A transcript of the following interview can be found here.
In this interview with RT America, from August 31, 2017, I speak about the totality of American war policy, and there really is no other policy than the war policy, in the Middle East and Afghanistan and how the policies in Afghanistan, Syria, Iraq, Yemen, Libya and Somalia are linked and united under a common strategy that seeks military control or subjugation of the local population through collaborating and subservient allies and proxies. The brutal use of military force, particularly that which we have witnessed in Iraq and Yemen by the Iraqi and Saudi militaries, supported directly by American air forces and commandos, is the strategy that will be put in place in Afghanistan and is what the United States is utilizing with its three air bases in Kurdish controlled Syria and the Kurdish army. We have also seen an increase in this use of strategy and operations in Somalia, I expect Libya will see the same.

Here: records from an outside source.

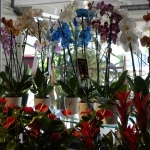 Bu yaz evleri ve gönülleri en çok renklendiren çiçekler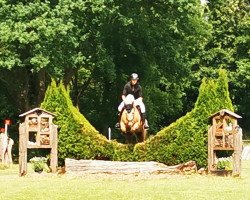 Pferd Soden Carlo (Welsh-Cob (Sek. D), 2014, von Soden Cunedda Wledig)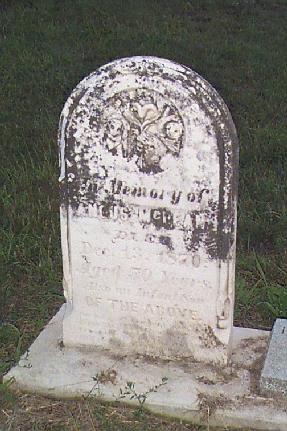 angusmclean.jpg (30574 bytes)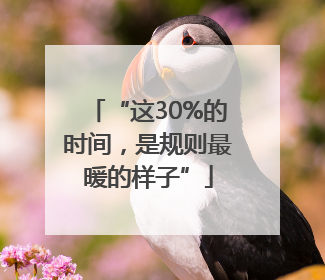 “这30%的时间，是规则最暖的样子”
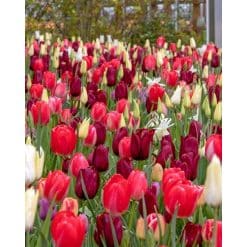 Blomsterløgsblanding ‘Wining and Dining’ – Rød, rosé & hvid – 100 stk.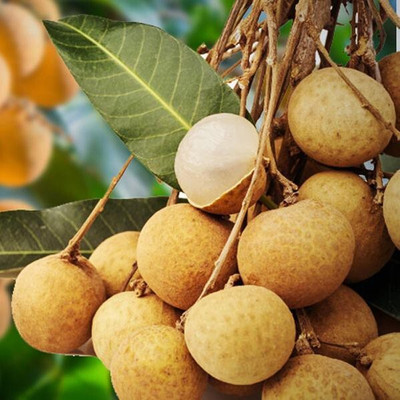 Cloud Farm Litchi Plant(Hybrid, Pack of 1)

This strategy differs from the Bush II and Obama strategies as there is no consideration for a political end state or political control of the population. No such thing as elections, negotiations, economic development, no attempts at winning hearts and mind, only subjugation and punishment. Yes, the Bush II and Obama wars were immoral, un-winnable and counter-productive, but there was an attempt or desire to have a political end state. Under this administration, with the policy controlled by the three generals, Mattis, Kelly and McMaster, the end state is military control of areas not sympathetic to the government through massive fire power and the use of highly trained commandos as the focus of effort against the enemy and the local population. So, in effect, the Pashtun areas of southern, eastern and northern Afghanistan will become free fire zones with nightly kill/capture raids by commandos into villages and homes with subjugation, military control and punishment as the objectives of this violence and killing.
Finally, I did this interview with my friend Cat Watters. It’s been awhile since I’ve spoken with her. A very free ranging and relaxed interview which I really enjoyed doing, because Cat gets the emotions and humanity that underlay all of what I am talking about. Thanks Cat!